WORK REQUEST = Using the material below, print the line that contains "Gefeliciteerd, je hebt", the line that contains "UNIQUE HANDMADE CHINESE", and every line in between, exactly and nothing else.

RECORDS SUPPLIED =
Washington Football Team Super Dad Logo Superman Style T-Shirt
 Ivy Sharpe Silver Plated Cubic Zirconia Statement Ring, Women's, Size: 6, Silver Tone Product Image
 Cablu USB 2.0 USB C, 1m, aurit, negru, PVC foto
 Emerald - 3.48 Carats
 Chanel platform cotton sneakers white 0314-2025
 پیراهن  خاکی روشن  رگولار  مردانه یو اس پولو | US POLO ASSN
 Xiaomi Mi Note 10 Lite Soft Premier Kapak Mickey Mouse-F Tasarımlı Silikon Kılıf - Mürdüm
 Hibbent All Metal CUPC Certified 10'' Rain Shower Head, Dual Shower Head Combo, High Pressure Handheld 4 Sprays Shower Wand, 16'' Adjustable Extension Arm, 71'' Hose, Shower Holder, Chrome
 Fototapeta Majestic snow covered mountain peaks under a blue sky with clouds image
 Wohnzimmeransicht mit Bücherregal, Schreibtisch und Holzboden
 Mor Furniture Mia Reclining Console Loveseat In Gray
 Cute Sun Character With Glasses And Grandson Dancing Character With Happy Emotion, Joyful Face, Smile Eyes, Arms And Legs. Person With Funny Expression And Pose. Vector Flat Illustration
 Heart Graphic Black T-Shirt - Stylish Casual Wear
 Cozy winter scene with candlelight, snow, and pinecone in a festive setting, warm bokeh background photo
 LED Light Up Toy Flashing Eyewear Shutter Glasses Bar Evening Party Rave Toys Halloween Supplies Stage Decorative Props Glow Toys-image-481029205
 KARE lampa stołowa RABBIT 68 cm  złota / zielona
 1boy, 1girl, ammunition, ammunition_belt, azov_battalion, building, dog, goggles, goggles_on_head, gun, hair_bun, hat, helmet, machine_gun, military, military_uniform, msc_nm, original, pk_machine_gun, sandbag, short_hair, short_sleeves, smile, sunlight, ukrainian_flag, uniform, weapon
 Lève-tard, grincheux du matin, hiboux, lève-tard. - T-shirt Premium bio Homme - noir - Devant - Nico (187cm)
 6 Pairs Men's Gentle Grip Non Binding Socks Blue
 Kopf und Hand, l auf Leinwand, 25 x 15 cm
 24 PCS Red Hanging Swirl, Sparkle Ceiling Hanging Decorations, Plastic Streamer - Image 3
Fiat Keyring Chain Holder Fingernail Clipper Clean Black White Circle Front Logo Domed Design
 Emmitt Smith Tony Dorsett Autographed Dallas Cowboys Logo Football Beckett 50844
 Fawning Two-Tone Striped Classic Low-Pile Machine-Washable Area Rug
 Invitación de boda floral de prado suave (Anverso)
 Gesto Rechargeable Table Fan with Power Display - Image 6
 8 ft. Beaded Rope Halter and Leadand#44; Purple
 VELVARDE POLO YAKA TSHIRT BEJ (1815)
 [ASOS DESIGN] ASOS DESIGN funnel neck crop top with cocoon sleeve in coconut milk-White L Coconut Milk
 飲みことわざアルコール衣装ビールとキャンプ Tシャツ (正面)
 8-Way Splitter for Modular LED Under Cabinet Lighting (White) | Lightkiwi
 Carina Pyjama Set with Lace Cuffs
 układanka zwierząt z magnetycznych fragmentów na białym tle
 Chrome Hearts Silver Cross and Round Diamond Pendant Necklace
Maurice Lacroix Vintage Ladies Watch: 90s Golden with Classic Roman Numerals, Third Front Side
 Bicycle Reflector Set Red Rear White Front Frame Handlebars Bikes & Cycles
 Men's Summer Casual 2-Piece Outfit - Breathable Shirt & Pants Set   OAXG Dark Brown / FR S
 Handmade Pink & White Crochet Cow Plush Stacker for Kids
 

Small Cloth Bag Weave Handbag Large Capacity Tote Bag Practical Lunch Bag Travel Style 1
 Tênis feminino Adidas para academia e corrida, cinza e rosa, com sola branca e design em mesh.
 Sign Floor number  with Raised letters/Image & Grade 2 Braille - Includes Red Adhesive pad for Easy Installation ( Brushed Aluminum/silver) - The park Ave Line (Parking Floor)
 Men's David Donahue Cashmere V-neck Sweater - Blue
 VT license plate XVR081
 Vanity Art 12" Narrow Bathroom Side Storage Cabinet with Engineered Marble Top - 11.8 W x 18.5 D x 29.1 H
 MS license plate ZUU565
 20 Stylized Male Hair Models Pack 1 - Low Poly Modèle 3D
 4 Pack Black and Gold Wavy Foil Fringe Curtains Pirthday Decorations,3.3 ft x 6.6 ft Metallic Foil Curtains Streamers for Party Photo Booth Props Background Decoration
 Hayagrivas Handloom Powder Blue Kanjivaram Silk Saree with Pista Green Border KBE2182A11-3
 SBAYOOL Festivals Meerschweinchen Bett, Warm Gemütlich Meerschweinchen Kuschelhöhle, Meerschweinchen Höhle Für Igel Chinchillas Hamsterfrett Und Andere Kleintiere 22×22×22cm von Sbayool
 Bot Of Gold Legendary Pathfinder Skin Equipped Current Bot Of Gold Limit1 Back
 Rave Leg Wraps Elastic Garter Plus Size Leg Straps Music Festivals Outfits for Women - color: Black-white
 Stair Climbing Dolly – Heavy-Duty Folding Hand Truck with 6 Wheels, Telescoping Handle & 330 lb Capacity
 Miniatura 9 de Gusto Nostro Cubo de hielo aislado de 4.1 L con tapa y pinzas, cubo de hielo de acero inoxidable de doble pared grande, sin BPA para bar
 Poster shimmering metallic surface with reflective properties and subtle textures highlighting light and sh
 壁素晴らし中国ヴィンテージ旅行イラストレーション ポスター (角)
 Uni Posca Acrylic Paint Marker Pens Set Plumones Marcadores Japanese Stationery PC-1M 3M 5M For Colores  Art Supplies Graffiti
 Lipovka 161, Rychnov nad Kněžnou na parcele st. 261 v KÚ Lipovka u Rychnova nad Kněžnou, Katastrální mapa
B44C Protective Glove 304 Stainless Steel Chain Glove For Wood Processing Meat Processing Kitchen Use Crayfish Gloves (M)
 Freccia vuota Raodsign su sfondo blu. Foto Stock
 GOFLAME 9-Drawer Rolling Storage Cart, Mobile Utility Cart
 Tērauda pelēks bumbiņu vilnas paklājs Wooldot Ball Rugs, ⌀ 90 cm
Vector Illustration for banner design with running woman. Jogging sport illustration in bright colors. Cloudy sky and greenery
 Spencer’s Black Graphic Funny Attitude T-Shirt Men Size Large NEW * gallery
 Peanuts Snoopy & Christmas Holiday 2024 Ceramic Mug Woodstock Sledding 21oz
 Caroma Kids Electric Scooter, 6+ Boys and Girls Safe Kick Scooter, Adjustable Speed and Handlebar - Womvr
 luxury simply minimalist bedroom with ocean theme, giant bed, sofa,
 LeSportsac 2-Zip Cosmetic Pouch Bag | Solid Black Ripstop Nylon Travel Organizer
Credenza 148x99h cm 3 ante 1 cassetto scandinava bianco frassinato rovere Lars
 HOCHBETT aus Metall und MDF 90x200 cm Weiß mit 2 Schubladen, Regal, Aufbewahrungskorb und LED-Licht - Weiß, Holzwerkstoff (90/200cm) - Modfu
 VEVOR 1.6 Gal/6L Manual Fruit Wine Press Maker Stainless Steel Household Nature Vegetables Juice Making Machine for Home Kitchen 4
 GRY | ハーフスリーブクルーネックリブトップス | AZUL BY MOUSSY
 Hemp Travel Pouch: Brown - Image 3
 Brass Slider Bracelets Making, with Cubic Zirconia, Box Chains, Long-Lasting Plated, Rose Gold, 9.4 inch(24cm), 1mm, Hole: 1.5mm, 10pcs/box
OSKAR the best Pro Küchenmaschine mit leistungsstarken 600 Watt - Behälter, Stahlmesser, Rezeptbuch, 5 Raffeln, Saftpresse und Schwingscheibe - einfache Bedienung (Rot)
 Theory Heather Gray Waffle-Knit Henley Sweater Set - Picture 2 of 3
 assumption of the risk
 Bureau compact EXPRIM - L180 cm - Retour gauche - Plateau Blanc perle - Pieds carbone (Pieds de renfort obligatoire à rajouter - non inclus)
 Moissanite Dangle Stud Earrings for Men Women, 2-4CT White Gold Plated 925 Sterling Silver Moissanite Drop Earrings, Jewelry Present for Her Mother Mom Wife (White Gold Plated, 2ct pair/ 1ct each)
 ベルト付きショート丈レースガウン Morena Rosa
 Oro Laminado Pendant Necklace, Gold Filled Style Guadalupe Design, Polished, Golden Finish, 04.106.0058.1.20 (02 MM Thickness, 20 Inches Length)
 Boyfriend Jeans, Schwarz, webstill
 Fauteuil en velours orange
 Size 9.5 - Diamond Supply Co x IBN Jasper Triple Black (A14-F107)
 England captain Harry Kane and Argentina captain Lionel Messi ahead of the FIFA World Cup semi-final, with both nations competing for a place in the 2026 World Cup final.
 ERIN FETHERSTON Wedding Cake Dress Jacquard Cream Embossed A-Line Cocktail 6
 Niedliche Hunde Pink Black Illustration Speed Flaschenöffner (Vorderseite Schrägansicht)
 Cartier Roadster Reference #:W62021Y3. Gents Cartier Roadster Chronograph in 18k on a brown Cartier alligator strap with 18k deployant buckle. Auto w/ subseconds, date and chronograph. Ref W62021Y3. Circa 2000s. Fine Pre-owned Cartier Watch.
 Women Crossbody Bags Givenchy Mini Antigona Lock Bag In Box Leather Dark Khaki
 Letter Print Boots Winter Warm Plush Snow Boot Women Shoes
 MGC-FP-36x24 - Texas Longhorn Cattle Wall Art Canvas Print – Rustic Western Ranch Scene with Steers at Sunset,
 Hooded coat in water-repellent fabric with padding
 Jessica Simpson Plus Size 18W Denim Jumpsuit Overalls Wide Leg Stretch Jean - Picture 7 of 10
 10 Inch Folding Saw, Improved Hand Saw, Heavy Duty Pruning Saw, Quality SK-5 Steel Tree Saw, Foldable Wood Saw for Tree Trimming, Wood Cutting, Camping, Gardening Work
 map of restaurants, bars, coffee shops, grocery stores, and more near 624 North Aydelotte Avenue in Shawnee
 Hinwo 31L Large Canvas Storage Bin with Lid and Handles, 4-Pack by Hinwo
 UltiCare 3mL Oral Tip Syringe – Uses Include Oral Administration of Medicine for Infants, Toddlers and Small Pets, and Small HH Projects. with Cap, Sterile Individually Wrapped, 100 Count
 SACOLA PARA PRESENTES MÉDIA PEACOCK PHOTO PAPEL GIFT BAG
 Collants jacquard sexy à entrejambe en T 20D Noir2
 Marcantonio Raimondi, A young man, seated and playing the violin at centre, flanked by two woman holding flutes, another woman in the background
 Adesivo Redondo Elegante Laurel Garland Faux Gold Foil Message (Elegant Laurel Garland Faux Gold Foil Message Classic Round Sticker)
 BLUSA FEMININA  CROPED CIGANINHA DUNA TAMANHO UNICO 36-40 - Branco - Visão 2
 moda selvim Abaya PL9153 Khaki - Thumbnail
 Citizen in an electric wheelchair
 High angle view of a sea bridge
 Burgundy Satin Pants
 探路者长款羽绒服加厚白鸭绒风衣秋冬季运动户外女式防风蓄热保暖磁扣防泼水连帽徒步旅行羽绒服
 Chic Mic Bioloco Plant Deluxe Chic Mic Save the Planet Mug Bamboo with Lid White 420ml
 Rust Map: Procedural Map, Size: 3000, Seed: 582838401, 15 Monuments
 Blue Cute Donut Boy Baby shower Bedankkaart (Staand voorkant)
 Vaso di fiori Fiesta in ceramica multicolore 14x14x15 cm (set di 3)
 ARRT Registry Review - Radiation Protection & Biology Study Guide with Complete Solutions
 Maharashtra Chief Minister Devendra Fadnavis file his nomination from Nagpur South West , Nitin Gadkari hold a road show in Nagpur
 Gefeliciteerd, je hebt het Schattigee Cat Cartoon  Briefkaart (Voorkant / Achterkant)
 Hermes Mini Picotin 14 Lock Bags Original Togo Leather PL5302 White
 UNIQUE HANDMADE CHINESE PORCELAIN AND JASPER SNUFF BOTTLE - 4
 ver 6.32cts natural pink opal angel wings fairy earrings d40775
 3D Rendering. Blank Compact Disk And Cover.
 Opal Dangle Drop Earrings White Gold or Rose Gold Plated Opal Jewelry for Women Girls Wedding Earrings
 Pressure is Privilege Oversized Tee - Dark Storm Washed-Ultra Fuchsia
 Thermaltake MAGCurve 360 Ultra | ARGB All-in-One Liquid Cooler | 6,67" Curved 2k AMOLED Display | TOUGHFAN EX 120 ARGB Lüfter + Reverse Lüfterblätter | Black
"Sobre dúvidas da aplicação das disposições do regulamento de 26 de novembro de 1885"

ANSWER TO THIS EXERCISE =
 Gefeliciteerd, je hebt het Schattigee Cat Cartoon  Briefkaart (Voorkant / Achterkant)
 Hermes Mini Picotin 14 Lock Bags Original Togo Leather PL5302 White
 UNIQUE HANDMADE CHINESE PORCELAIN AND JASPER SNUFF BOTTLE - 4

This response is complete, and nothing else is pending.